Comment Re:Kill Switch? (Score 1) 690

You can cite me. A kill switch can easily be designed and positioned so that it's difficult to accidentally throw, and easy to spot that it has been thrown.

The real argument against a kill switch is a marketing one, if a manufacturer's safety people wanted to introduce them then the marketing people would complain that it would give the impression something was wrong with their cars that they required one. Obviously a poor argument from a safety perspective and a good one from a marketing perspective! Maybe regulation has it's place here, i.e. make them mandatory.

Comment Re:Electric Shock (Score 1) 951

But no wonder, most people only use photocopiers once every few weeks, if that. Yet their interfaces are quite arcane if you want to do anything beyond copying your documents at whatever their current settings are. Worst are the multifunction devices, people stand staring at them for a minute or two just working out what state they are in.

At the office where I'm working there is a regular episode where a lady who knows how the fax machine works talks developers and other skilled techies through sending their timesheets to payroll. It's amusing as she has to go quite slowly for these people who work with and create quite sophisticated software systems!

Comment Re:Choose freedom, not some $attribute (Score 2, Insightful) 596

Don't be so hasty. Software is something that can be made for love of the art. Cars require significant capital investment in fabrication equipment and materials, capital most people do not have.

While not denying they can make good money, many in the caring professions do count the benefit they bring to others as a significant factor in their motivations, and I would indeed prefer it if my doctor had my best interest in mind rather than getting through his "caseload". I don't see why you put forward examples about making one's own tools or medicines by way of ridicule as this was not the GP's thrust. Free Software developers are well known for sharing code which implies using others, they call it "libraries", fucknuts, and the idea is to avoid as much DIY as possible.

Comment Re:People aren't robots (Score 1) 709

In my experience this "legal requirement" doesn't get much attention beyond lip service at induction time. In fact I've never heard the 30 minutes for two hours rule. I have experience of ten large companies in the UK, mostly in finance. Half hour lunches and no breaks is the norm, and in my experience there is of course some slacking off and getting a coffee but it's nowhere near the amount suggested by the OP or the replies here. Oh wait, I'm in infrastructure not development! Lazy shits.

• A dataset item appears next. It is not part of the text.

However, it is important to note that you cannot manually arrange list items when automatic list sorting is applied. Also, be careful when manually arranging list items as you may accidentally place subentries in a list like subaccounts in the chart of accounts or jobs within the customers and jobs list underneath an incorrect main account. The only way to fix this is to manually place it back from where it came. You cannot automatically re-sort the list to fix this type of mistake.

Comment Re:Sounds Hard (Score 1) 796

In the UK we have a scheme called Faster Payments, one of the four or five decent things our Labour government has done, to which most major banks now subscribe.


To quote: It has enabled, for the very first time, phone, internet and standing order payments to move within a few hours - almost at the touch of a button.

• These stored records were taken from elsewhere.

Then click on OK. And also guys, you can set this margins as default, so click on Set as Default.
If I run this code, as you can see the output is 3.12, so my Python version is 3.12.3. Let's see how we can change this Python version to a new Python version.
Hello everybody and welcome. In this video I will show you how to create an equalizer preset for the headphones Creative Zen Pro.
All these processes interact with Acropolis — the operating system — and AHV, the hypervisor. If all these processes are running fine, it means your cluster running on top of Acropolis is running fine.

Comment Re:I'd much rather... (Score 1) 636

It is the equivalent of saying "commercials can't be prettier than the program's average prettiness".

Technically, it's the equivalent of saying "commericals can't be of higher brightness than the program's average brightness". Prettiness is a subjective measure, whereas the amount of sound or light energy is objective.

Not that I agree with such regulations. I get commercial TV for "free" so I can't complain and I don't watch much of it anyway. Their noisy adverts have driven me away from most of the programs I might once have watched.

The only influence TV adverts have on me that I'm aware of is in choice of supermarket. I'm definitely a supermarket snob. But when I do watch commercial TV I see no adverts for any of the products I ever buy.

Comment Re:to be honest, i dont really like drbd (Score 2, Interesting) 166

I implemented a DRBD/heartbeat mail cluster for a client about six years ago. At the same time I implemented a half-baked user replication solution using Unison when we should have been using LDAP. I picked up DRBD and heartbeat easily under pressure and found the config logical and consistent once I understood the underlying concepts. Certainly not bloated. Unison on the other hand caused major headaches. So quite clearly, like LSD, DRBD affects different users in different ways and perhaps you should stick to the crack you're smoking.